Seriously. Villains should have always been NPCs. That way, all players AND their characters are held to the same standard. Players who want to "play" villains can GM threads for other players, where they temporarily play villain NPCs, among others.

I would be totally in favor of turning every PC villain into a Tier 3 NPC (so only the original player can GM them), and giving them power points (and credit toward Gold/Plat Status) equal to what they've earned with that villain so far toward building a new PC Hero.

If, however, you insist on continuing to let players be villains, then this issue needs to get sorted out. And I REFUSE to play in a game where the heroic players are held to a double-standard. If PC villains have the option of killing, then PC heroes should have the option of killing them once they've crossed that line. I agree with AA that one of the best things about Freedom City is the lack of any characters with Joker Immunity. And if we start giving Joker Immunity to the PC villains while still binding the hands of the PC heroes, then I'm switching sides ASAP, because it'll become clear which side the bread is buttered on.

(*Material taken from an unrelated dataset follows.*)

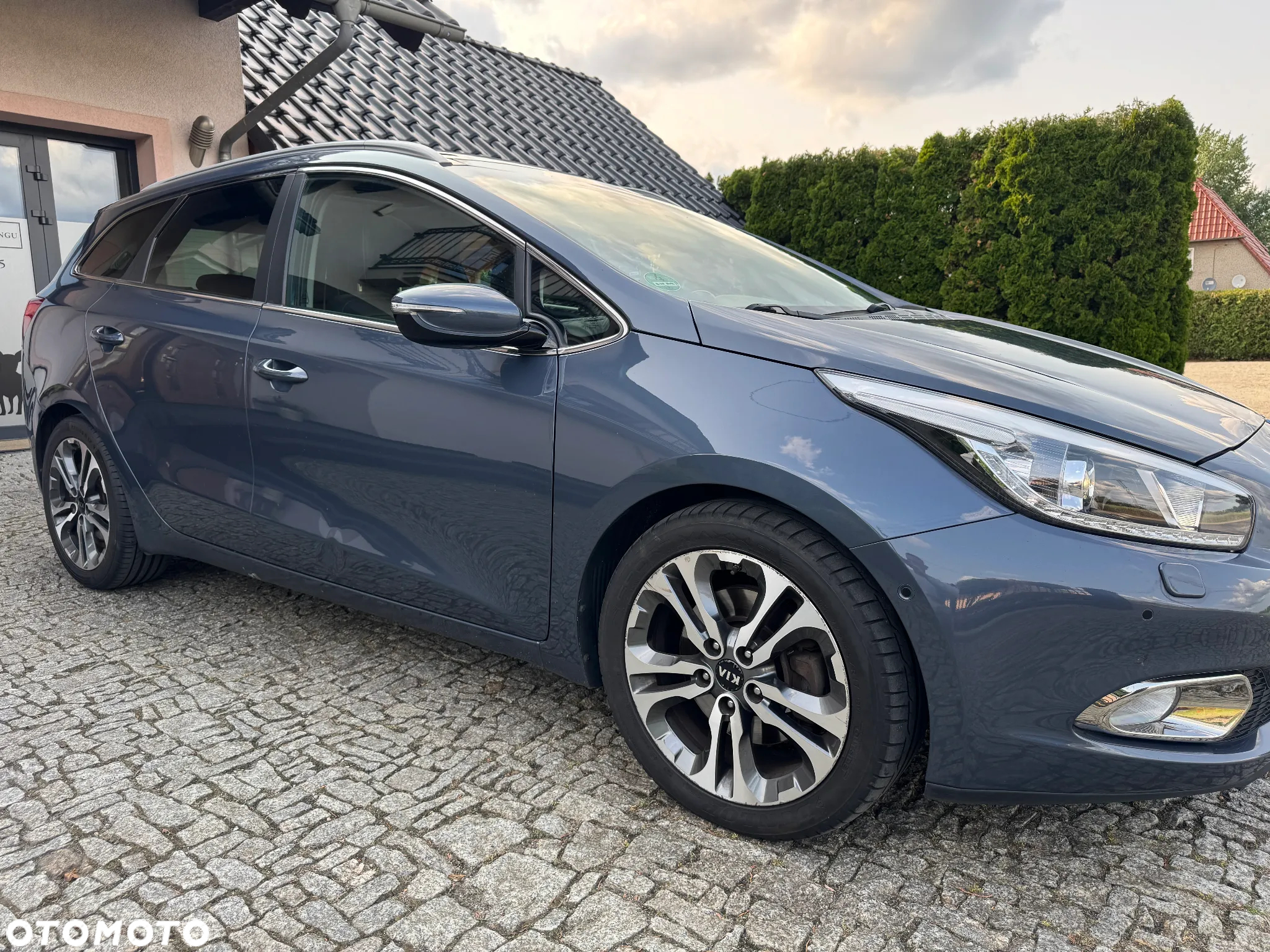 Kia Ceed 1.6 CRDi 128 SW Platinum Edition - 11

The other option is to forbid PCs from killing, be they heroes or villains. Villains have to make a show of "trying to kill you," beat you just short of death, then come up with an in-character excuse to leave you, or drop you into an "inescapable deathtrap." The problem with this approach is that there are entire character types who become unplayable. Ronin leaps to mind. The guy is a professional mercenary. Some of his jobs will be assassinations. If he can't kill people, he has a serious problem.

It's a tough choice either way, and either way, there will be dissatisfaction and frustration. I want to tear my hair out and beat my forehead against my keyboard every time one of you Silver Age Fanboys whips out that quote where Superman trashes The Authority over their methods, thinking it's the ultimate argument against the Iron Age. It's not. Those no-nonsense solutions don't hold up in a world with talking monkeys, but they're required in a world where mass-murderers barely have time to get a cup of coffee during their stay in a revolving-door cardboard prison. You can't have it both ways. If the heroes are bound by Silver Age restrictions on their conduct, then the villains should be, too. Which makes them pretty much harmless. If the villains get to pull Iron Age depravity, then the heroes should get to put them down like the rabid animals they are. In fact, they SHOULD. Any approach in the "middle of the road" is an exercise in someone trying to have their cake and eat it, too, and it's doomed to failure. If you're going to enforce real-world consequences on us, then we should get to use real-world methods, and vice versa .

I also think this whole Trial mess locking down Quote's character hangs a lampshade on the problem with Archeville's obsession with forming a coherent timeline. Because the comics we're supposedly emulating...don't adhere to a coherent timeline. For the last 20 years, there have been anywhere from 3-5+ ongoing monthly Batman titles being published every month. While the editors keep a very general idea of the chronology in their head for major events, do you really think they bother fretting about whether Batman foiled The Penguin's bank robbery in Detective Comics #X took place before or after his fight with Calendar Man in Shadow of The Bat #Y? No. Of course not. The same could be said for Superman, Spider-Man, or the X-Men.

I think, at the most, the timeline should indicate which month particular threads took place in. It certainly shouldn't be as specific as pinning down the day.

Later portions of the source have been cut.